At last, Jimmy spoke up again, “Where were you headed?”

“Trafalgar. Any idea what it’s like there?”

Jimmy shook his head. “If I were you I’d go home right now,” he said, looking at the three of us in turn. “Go home to Mars, or wherever you come from, and

get the hell out of it. There’s nothing left here now, nothing but memories. Take the good memories with you… remember the Revolution we built, but forget this…” he finished, sweeping his hand round to indicate the devastated city.
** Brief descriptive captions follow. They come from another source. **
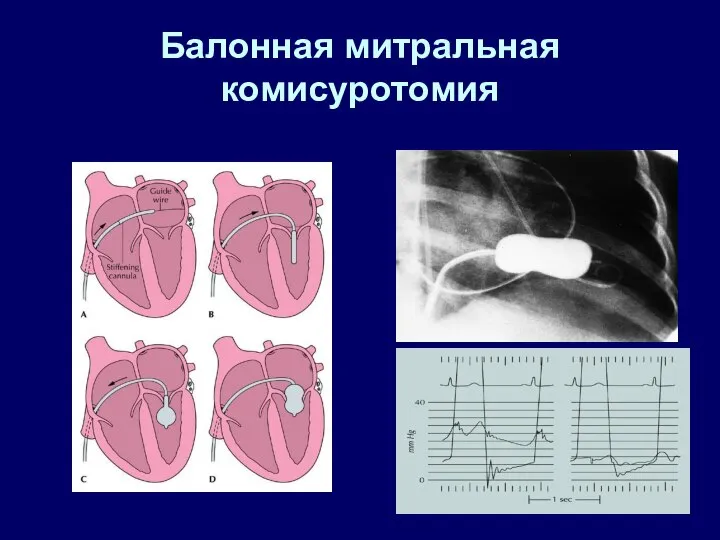 Балонная митральная комисуротомия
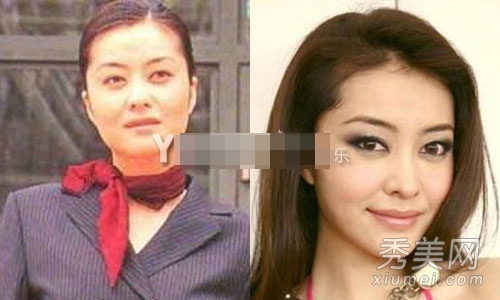 娱乐圈整容失败案例 11位女星越整越丑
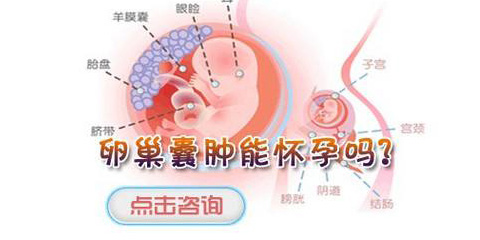 卵巢囊肿治疗方法大全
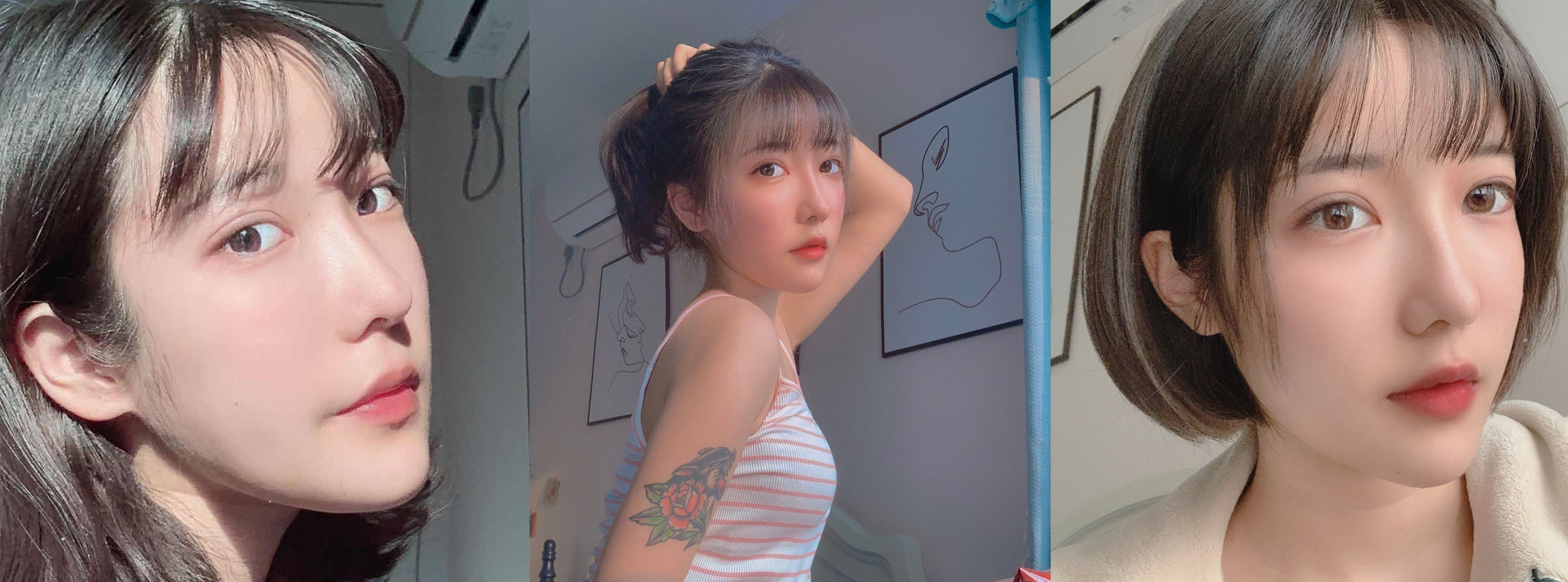 杭州時光自體脂肪填充效果圖2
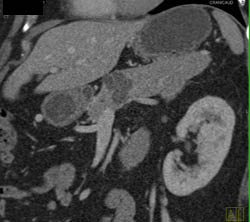 Cystadenoma - CTisus CT Scan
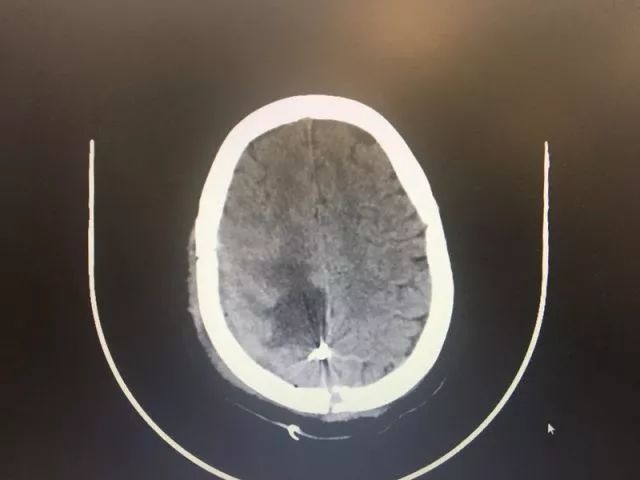 只要开 就是瘫?他们两个半小时成功\"拆弹\" 实力给出回答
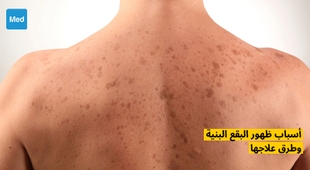 Makaleler أسباب ظهور البقع البنية وطرق علاجها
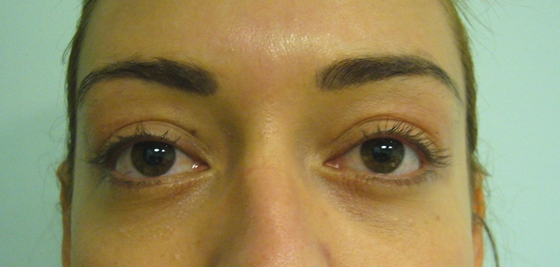 Blépharoplastie Chrirugicale cleage avant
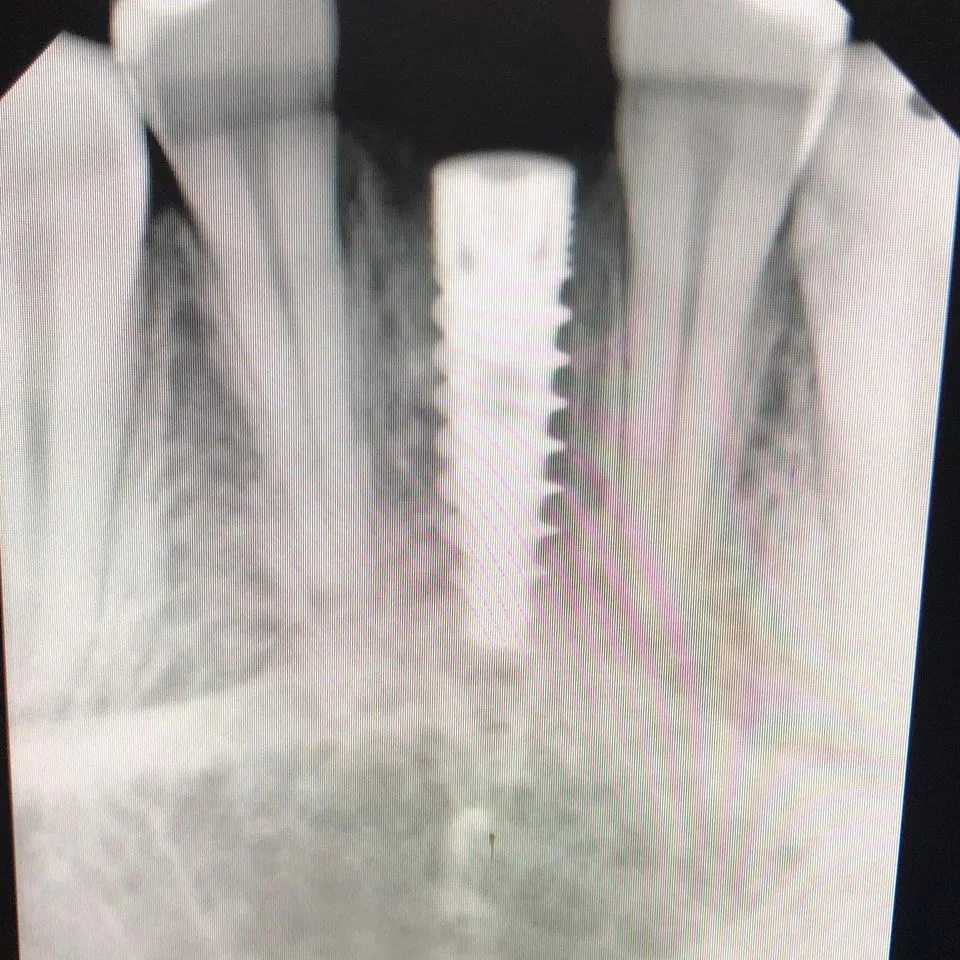 Cosmetic dentistry results at SmileSpace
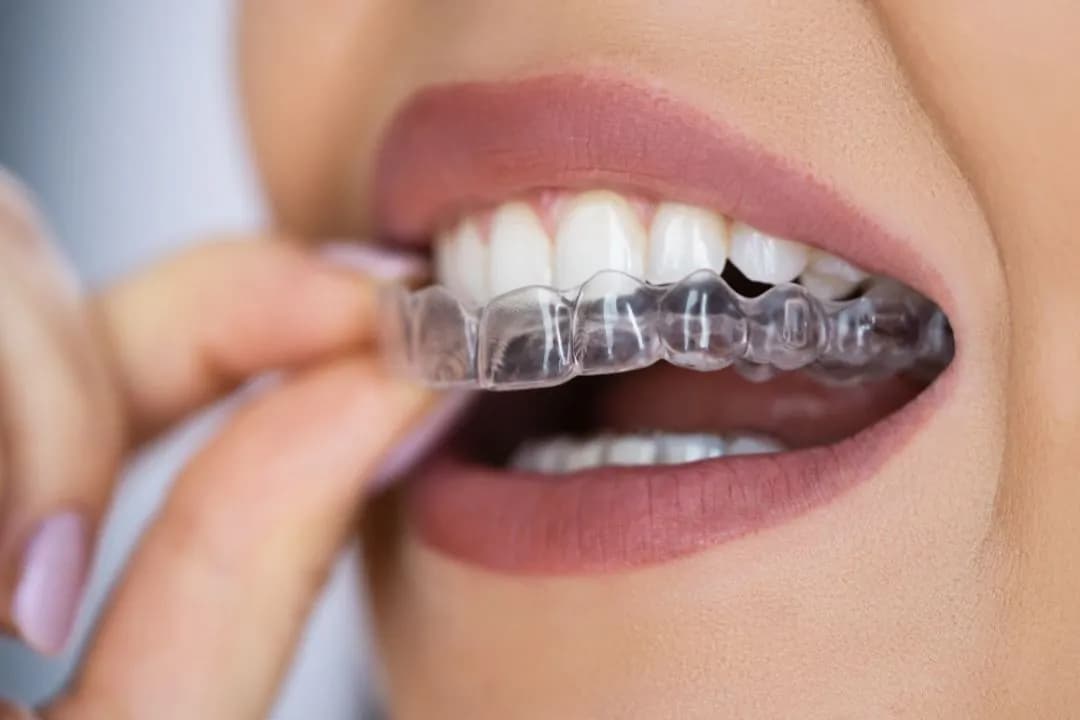 Invisible Aligners image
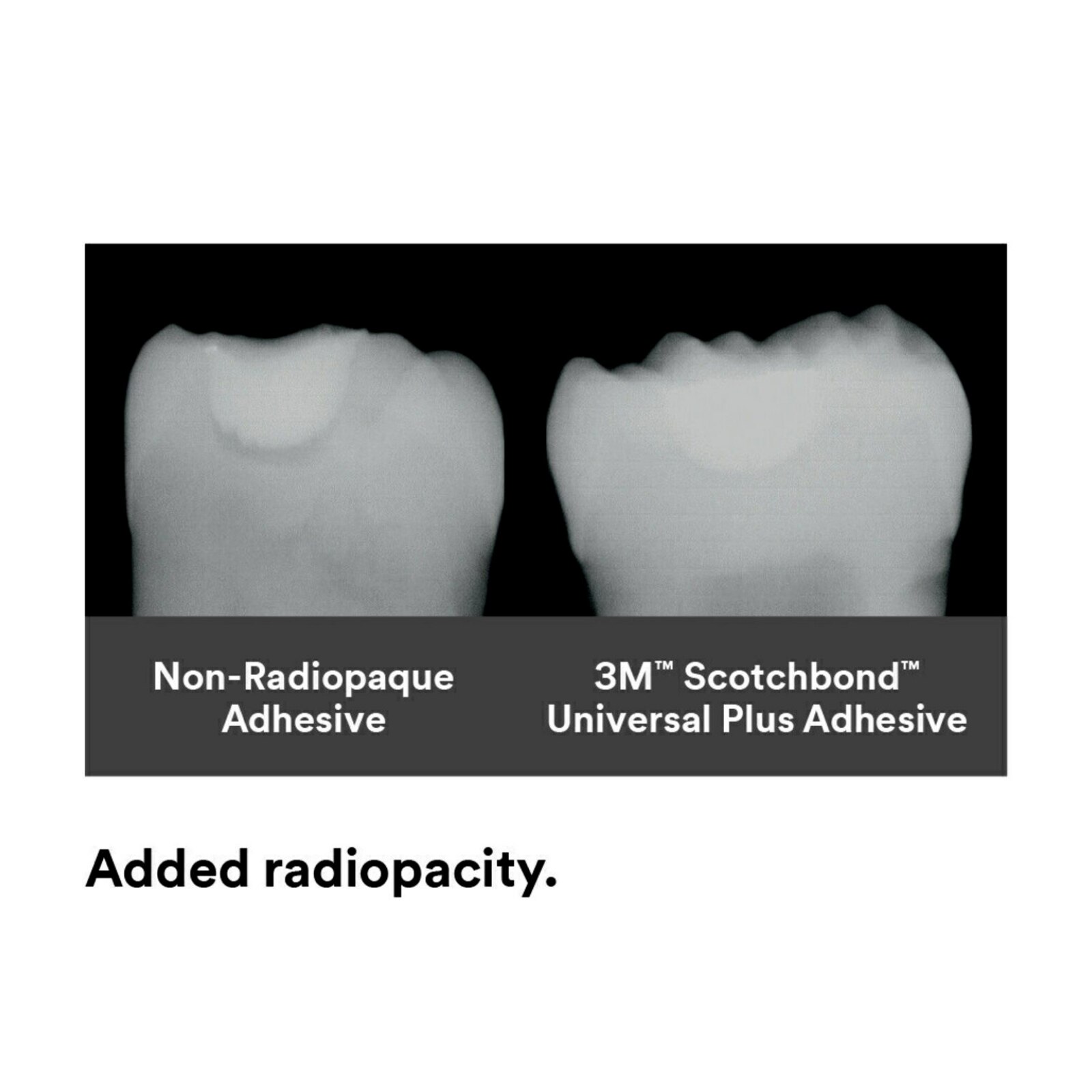 Scotchbond Universal Plus Unit Dose 100/Pk thumbnail 11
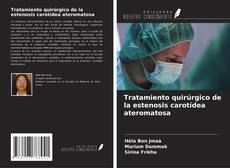 Couverture de Tratamiento quirúrgico de la estenosis carotídea ateromatosa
“We can’t go home, Jimmy. People have to know what Earth has done here. We can’t let them pretend this didn’t happen.”

Jimmy just shrugged, then laughed quietly, bitterly.

WITH his leg tended, Sean could walk unaided. Jimmy and his amnesiac friend escorted us back to our car. We walked in silence. No one felt like speaking.

After a while we were back at our jeep. With one last warning to be careful of Terran patrols, the two men disappeared into the ruins. They were ragged ghosts returning to haunt the city. We were left alone again, surrounded by the dead streets. Already our discovery of survivors seemed unreal, and only death surrounded us as before.

In the glare of the jeep’s headlights I looked down at the gift, Jimmy’s friend had given me. It was a dog-eared copy of The Worker, dated 21 December 2238. The cover headline announced the triumphant proletarian victory.

Chapter 36

TELIOTE was far behind. We were on the road again, racing towards our final destination. Around and within Trafalgar, Terran forces were fighting to crush the last outpost of serious resistance.

Eventually, the oily clouds dispersed to reveal the sunlight of early evening. The sun was already close to the horizon. In the far distance, some reflective structure glinted red in the dying light.

The engine was a low buzz as the jeep cruised along the motorway, the monotone breaking every so often as the onboard electronics detected the need for a gear-change. Another ten miles on and the road cut through a ruined industrial estate. On either side, factories and warehouses stretched into the distance. All ruined; flattened by the orbital bombardment. Miles of tangled steel and shattered concrete. Warehouses were little more than skeletal arrangements of girders and scaffolding. Trucks were burnt out ruins in the remains of their loading bays. In the near distance, some kind of silo stood rusting. Isolated amidst the wreckage, its nearest intact neighbours were a couple of cooling towers on the very horizon.

The scene changed as we drove by the remains of a great oil-refinery. On either side, the motorway was bordered with a plain of tangled pipes and tanks. A forest of steel blown apart by high explosives and reduced to little more than a plain of tangled metal. Here and there a distillation column still stood, pipes and conduits severed from the rest of the plant. Storage tanks lay ruptured, surrounded by pools of unburned oil, steel coated in thick soot from the burning.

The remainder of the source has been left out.